→ **Prompt**:
Go to the line that contains "The Celestial Returned" in the listing below, then output it and every line after it exactly, omitting pictures.

Start of Given material

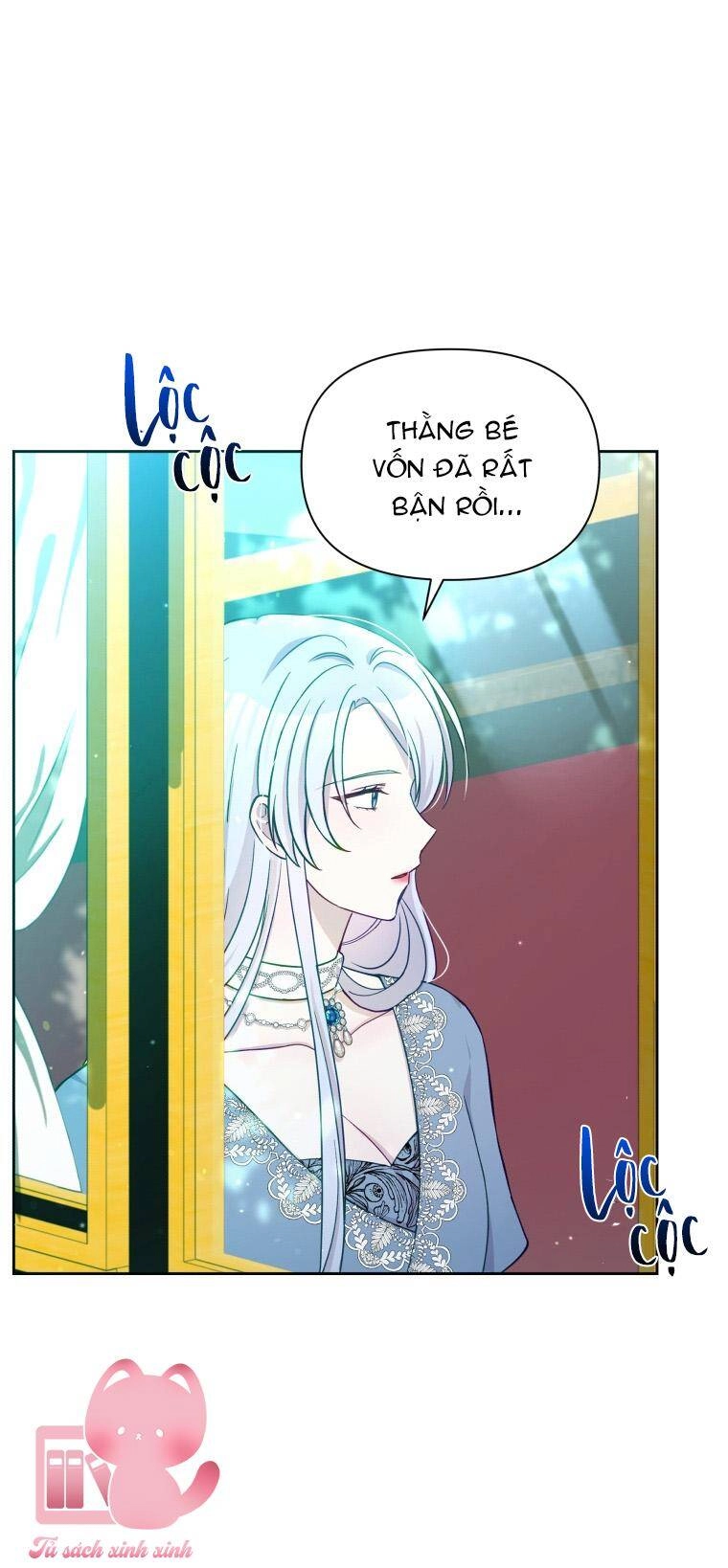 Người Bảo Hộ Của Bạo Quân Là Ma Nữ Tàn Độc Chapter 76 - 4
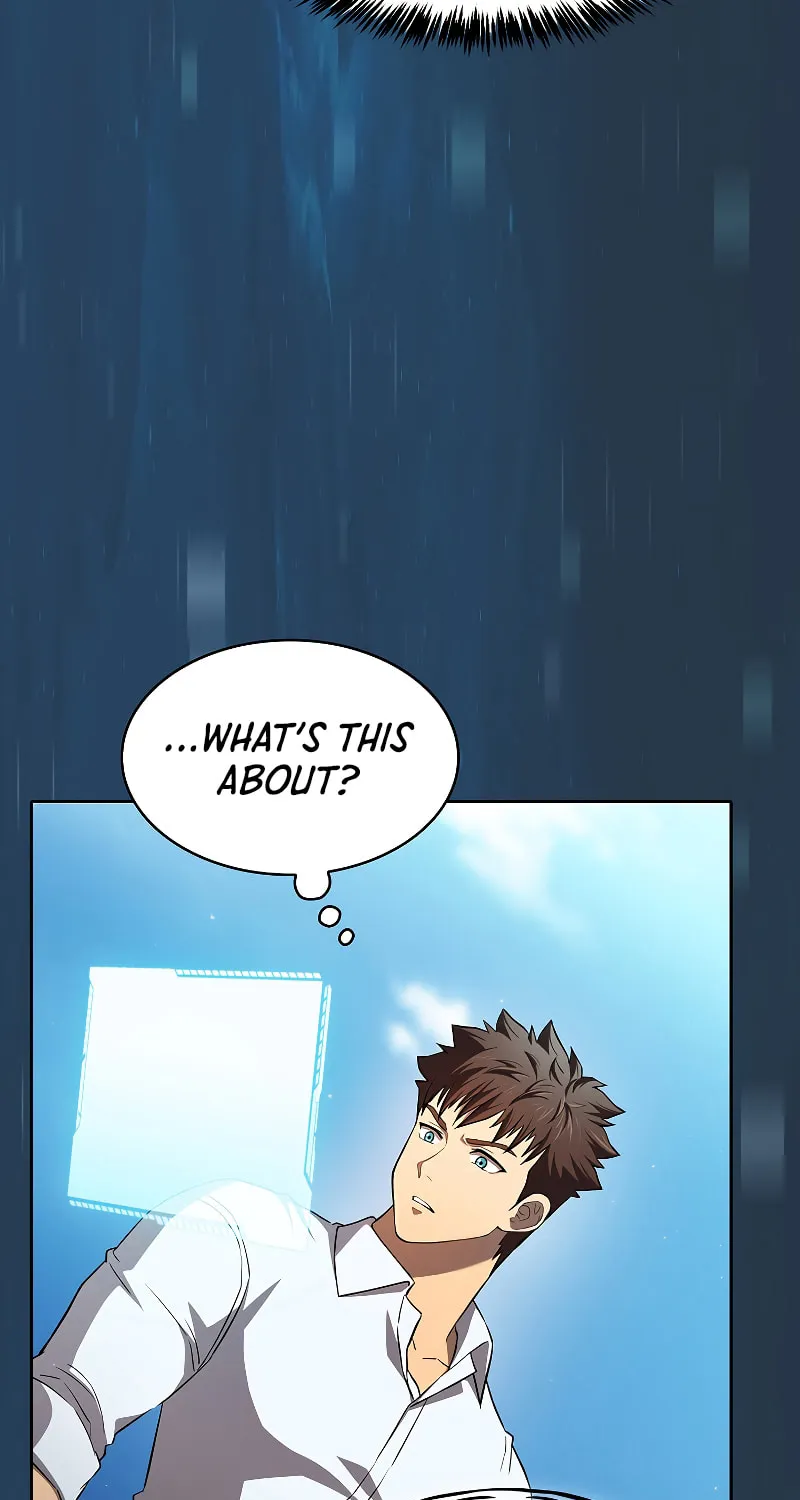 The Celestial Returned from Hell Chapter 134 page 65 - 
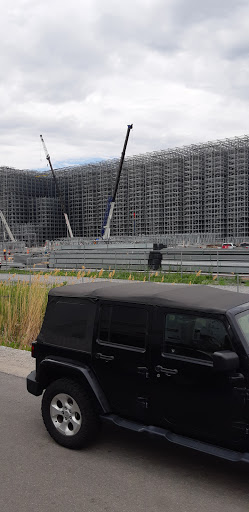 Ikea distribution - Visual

End of Given material

→ **Task response**:
 The Celestial Returned from Hell Chapter 134 page 65 - 
 Ikea distribution - Visual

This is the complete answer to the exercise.